WHAT IS REQUIRED: Using the data below, transcribe exactly everything from the line that contains "租房租金计算gdp吗_西安GDP达6257亿元 同比增长8.5(2)" down to the line that contains "Dosis Cara Mengkonsumsi Semut Jepang | PDF". Include both of those lines and none of the pictures.
── SOURCE MATERIAL ──
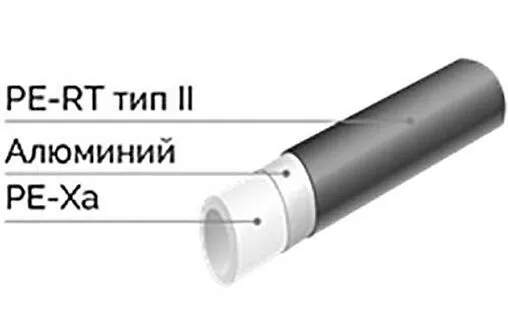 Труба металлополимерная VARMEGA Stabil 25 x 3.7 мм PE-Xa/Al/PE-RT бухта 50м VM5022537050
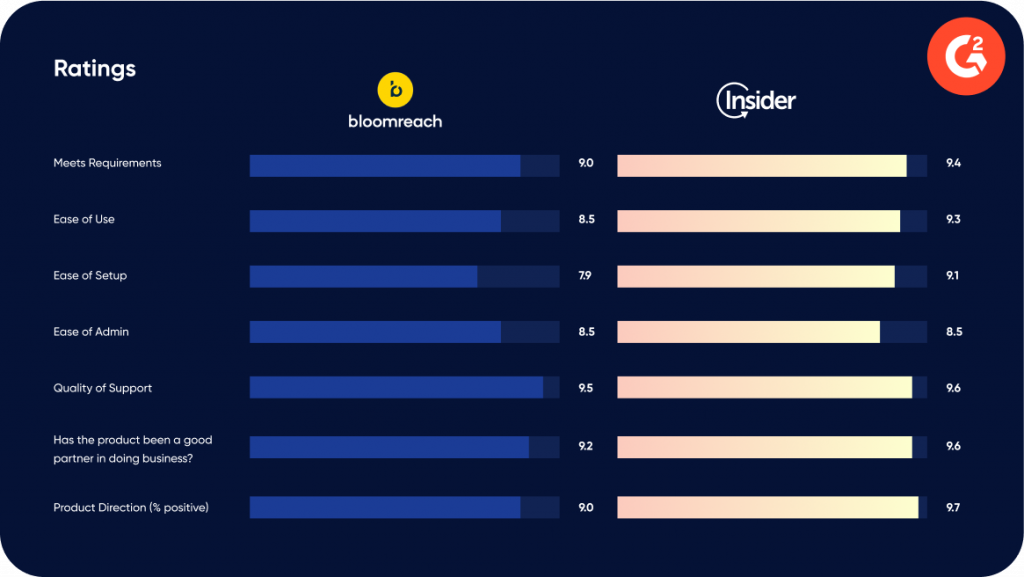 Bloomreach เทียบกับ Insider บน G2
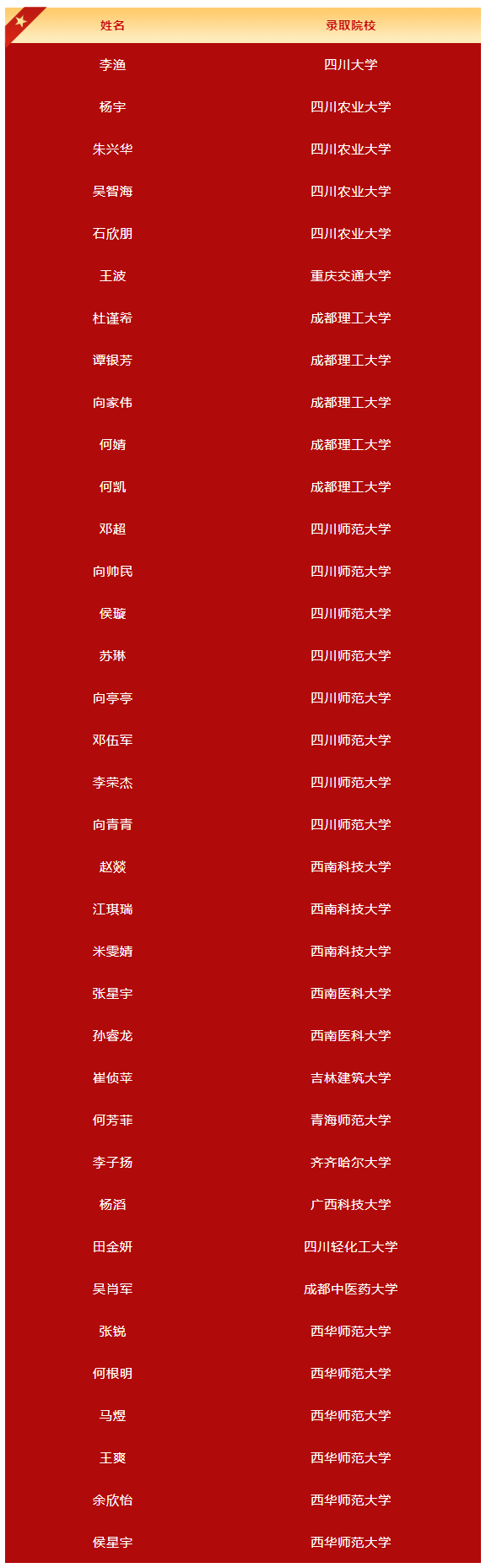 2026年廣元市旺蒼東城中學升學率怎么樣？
───
── SOURCE MATERIAL ──
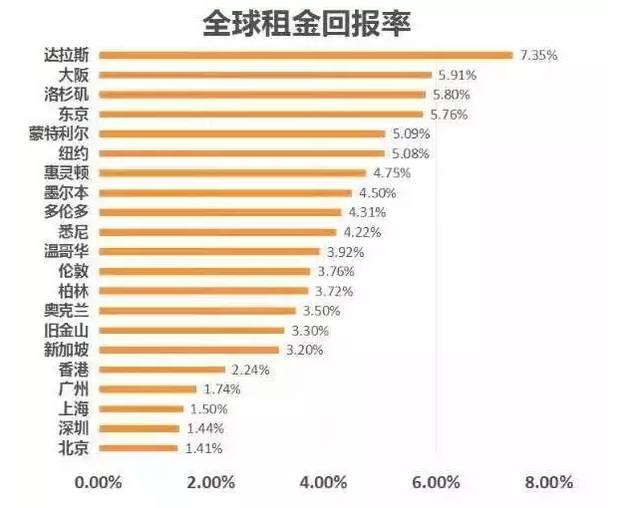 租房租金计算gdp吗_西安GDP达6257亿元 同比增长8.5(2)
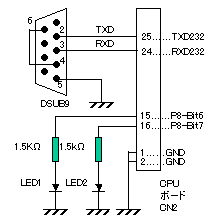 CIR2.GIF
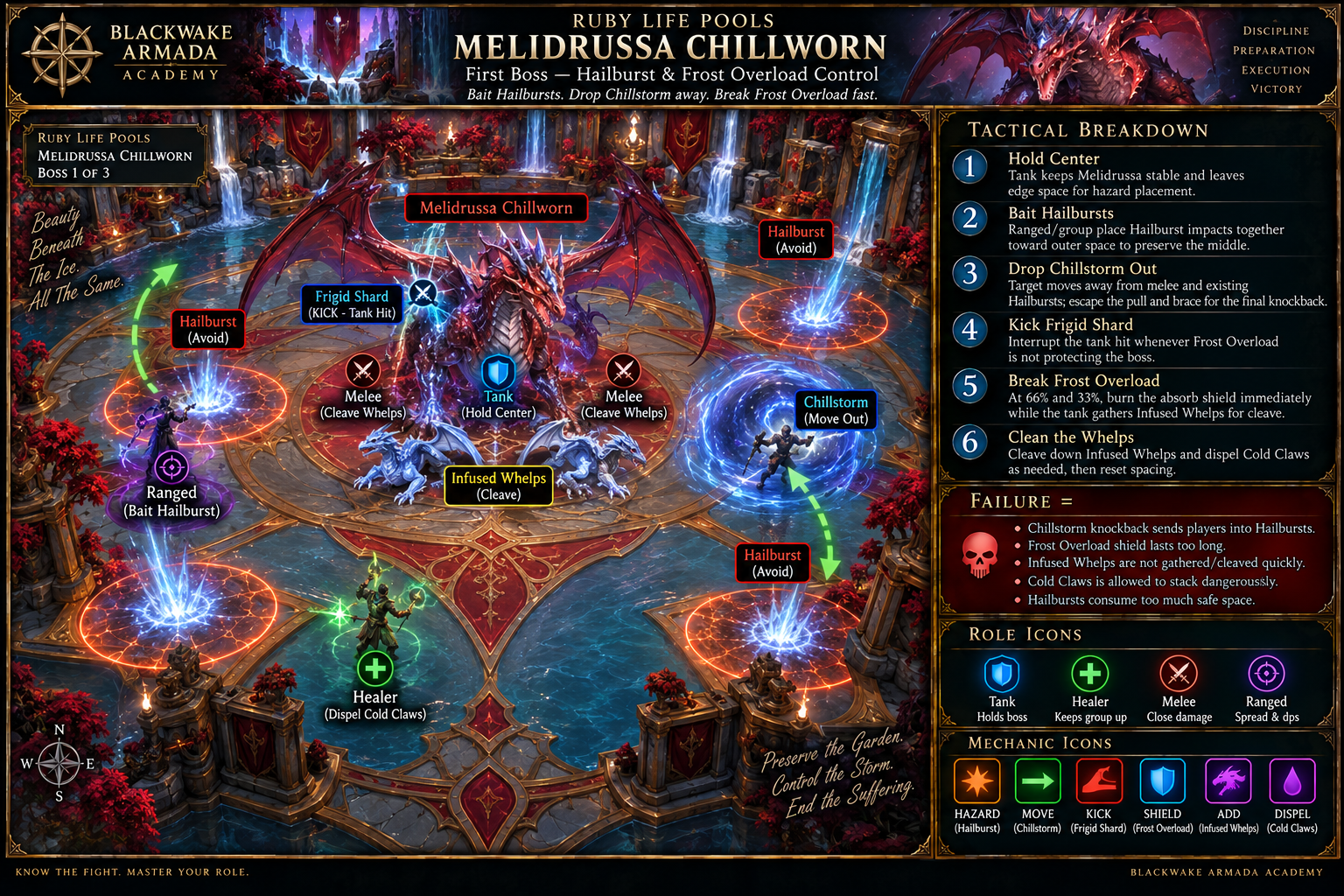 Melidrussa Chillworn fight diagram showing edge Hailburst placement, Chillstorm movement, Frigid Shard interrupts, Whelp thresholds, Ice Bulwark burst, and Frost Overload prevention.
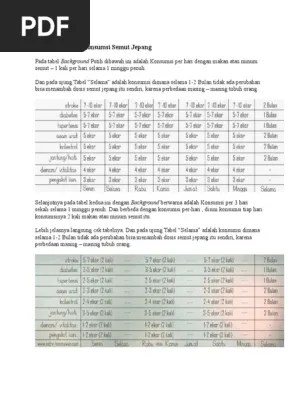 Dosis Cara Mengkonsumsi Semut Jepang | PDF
───
REPLY:
 租房租金计算gdp吗_西安GDP达6257亿元 同比增长8.5(2)
 CIR2.GIF
 Melidrussa Chillworn fight diagram showing edge Hailburst placement, Chillstorm movement, Frigid Shard interrupts, Whelp thresholds, Ice Bulwark burst, and Frost Overload prevention.
 Dosis Cara Mengkonsumsi Semut Jepang | PDF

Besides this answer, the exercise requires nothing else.